RFR(S) 8205921: Optimizing best-of-2 work stealing queue selection

Thu Jul 5 07:54:42 UTC 2018

Hi,

On Thu, 2018-07-05 at 01:15 -0400, Kim Barrett wrote:
> > On Jun 27, 2018, at 2:39 PM, Zhengyu Gu <zgu at redhat.com> wrote:
> > 
> > Hi,
> > 
> > Please review this small enhancement base on paper [1], that keeps
> > the last successfully stolen queue as one of best-of-2 candidates
> > for work stealing.
> > 
> > Based on experiments done by Thomas Schatzl and myself, it shows
> > positive impacts on task termination and average pause time.
> > 
> > 
> > Bug: https://bugs.openjdk.java.net/browse/JDK-8205921
> > Webrev: http://cr.openjdk.java.net/~zgu/8205921/webrev.00/index.htm
> > l
> > 
> > 
> > Test:
> >  hotspot_gc on Linux 64 (fastdebug and release)
> > 
> > 
> > [1] Characterizing and Optimizing Hotspot Parallel Garbage
> >    Collection on Multicore Systems
> >    http://ranger.uta.edu/~jrao/papers/EuroSys18.pdf
> > 
> > Thanks,
> > 
> > -Zhengyu
> 
> Once set, _last_stolen_queues entries are never invalidated.  So we
> may as well initialize the entries to queue_num+1 mod num_queues.
> Then get rid of the is_valid test (and the whole notion of validity)
> and the (only used once per queue_num in the webrev change) random
> selection of k1.
> 
> But I think that might not be desirable.  The webrev change's
> behavior is to always use the queue chosen for the last steal attempt
> as one of the two, even if the last steal attempt failed.  And
> because the choice of which of the two to try next prefers that one
> when they are both empty, we may be reduced to searching with only
> one random choice for a while, even though the one we keep using has
> repeatedly failed to yield a result.
> 
> An alternative that might be better is, whenever a pop_global fails,
> reset the associated last_stolen id to invalid.  This will revert to
> 2 random choices until we find (at least) one with something we can
> steal. Actually, it seems the referenced paper does something
> similar, and the webrev code doesn't match the referenced paper.

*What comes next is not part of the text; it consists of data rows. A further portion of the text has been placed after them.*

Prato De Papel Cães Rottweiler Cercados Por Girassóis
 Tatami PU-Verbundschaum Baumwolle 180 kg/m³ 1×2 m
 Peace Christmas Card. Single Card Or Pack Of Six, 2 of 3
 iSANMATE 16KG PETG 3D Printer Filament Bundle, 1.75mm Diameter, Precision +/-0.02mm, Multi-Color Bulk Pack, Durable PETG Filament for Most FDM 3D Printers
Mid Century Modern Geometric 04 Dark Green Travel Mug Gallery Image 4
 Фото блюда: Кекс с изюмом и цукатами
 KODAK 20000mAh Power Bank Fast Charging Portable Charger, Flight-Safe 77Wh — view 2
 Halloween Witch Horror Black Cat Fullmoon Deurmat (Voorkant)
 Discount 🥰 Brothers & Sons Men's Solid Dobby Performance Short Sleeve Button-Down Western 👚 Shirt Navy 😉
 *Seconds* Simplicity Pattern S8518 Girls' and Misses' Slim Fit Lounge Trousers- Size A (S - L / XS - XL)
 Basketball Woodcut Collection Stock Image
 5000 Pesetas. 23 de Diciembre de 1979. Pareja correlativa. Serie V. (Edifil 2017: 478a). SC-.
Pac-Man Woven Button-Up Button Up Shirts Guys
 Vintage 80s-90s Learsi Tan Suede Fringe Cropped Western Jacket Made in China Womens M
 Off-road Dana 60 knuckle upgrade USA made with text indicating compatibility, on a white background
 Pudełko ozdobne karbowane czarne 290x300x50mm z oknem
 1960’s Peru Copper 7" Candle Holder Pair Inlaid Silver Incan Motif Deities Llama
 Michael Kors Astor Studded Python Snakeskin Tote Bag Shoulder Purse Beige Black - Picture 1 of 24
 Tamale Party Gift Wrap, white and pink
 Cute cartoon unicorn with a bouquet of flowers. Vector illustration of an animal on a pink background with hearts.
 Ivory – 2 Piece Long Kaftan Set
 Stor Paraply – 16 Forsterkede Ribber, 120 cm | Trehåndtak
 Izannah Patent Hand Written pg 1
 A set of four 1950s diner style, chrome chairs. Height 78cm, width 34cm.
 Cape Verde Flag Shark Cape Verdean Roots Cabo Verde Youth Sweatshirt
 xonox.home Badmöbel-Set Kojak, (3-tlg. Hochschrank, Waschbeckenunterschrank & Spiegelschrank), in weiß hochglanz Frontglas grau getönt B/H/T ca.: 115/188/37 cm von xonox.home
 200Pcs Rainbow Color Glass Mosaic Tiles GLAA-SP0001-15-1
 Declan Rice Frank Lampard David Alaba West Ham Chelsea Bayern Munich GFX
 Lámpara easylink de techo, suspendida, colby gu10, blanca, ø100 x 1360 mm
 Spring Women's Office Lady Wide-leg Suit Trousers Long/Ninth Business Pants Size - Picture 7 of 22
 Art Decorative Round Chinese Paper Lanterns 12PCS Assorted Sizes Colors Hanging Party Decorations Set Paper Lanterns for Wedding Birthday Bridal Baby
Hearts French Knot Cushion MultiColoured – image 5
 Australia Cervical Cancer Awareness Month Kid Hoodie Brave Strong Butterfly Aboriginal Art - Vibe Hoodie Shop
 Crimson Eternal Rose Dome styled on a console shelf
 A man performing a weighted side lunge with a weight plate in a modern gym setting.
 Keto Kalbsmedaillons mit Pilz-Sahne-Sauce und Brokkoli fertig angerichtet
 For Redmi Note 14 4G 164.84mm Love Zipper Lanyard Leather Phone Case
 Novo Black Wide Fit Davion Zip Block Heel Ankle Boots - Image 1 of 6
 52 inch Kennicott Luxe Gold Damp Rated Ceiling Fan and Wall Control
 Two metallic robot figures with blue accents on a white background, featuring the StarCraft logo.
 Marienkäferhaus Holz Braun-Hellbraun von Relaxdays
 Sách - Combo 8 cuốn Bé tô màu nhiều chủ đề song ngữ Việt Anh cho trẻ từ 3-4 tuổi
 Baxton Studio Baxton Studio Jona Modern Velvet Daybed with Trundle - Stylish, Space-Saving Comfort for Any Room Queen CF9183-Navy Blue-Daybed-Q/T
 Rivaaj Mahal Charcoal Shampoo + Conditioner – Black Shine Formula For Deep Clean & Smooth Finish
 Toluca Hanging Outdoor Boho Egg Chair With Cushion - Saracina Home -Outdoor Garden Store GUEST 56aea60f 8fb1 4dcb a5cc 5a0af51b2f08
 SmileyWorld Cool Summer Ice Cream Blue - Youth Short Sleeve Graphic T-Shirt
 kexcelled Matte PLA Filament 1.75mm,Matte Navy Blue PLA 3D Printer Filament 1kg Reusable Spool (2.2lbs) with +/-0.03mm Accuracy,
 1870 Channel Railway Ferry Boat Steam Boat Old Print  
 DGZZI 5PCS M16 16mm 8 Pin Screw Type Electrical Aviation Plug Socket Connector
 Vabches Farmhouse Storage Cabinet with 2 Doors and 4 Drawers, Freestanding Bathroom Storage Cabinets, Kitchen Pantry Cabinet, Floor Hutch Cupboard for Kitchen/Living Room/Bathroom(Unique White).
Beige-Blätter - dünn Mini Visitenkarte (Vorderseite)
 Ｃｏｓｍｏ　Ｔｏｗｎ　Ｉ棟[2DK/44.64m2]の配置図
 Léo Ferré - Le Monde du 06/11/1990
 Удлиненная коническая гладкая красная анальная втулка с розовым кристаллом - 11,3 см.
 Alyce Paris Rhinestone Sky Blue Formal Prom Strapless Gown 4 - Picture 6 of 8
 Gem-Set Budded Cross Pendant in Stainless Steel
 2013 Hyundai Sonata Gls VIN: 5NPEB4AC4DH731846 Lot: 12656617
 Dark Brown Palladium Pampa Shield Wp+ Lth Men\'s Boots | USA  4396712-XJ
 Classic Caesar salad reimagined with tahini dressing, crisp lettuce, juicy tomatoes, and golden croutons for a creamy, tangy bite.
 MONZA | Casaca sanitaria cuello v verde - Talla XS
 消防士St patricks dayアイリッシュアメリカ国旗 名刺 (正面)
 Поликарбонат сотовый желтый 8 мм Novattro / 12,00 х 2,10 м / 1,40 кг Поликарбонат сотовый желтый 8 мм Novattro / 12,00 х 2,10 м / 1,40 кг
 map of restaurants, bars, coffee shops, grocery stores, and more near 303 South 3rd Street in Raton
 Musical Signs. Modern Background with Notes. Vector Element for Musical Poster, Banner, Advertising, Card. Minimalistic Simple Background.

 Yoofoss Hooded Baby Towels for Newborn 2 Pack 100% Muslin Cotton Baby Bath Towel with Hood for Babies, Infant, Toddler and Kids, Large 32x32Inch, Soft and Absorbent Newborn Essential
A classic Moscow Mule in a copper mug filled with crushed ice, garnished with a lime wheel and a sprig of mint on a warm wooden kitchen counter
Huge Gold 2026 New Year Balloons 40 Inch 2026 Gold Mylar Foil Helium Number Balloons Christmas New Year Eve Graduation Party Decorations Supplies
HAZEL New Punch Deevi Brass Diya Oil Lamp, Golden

That may explain why my perf results are different to the paper that I
was planning to investigate :) Nice find.

> Why do the last_queue array entries need to be padded? Why not just
> add a _last_stolen_queue member to TaskQueueSuper?

The _last_stolen_queue is associated to a (stealing) thread, not the
queue. Multiple threads might have the same queue as current steal
target.

One other option I discussed is instead of this array of PaddedQueueId
(which I would rename as TaskQueueThreadLocal or
TaskQueueStealLocals/Context because I can see adding more in the
future) would be passing this around like the seed parameter to
steal_best_of_2 (and actually put the seed parameter in there too).

It's a bit weird to me to pass two different kinds of thread locals
related to work stealing two different ways.

The padding is to avoid potential false sharing issues as otherwise
last_stolen_id's of different threads end up on the same cache line.
And the writes of different threads to disjoint locations would likely
invalidate the cache line all the time. Just to avoid a potential
performance issue here.

> I think it is a pre-existing bug that GenericTaskQueueSet::_n is of
> type uint, but the associated constructor argument is of type int.  I
> think the constructor is wrong in this regard.

- please use CamelCase for the INVALID_QUEUE_ID constant.

- there are some superfluous spaces at the end-of-line, but that would
be flushed out before pushing anyway.

Thanks,
  Thomas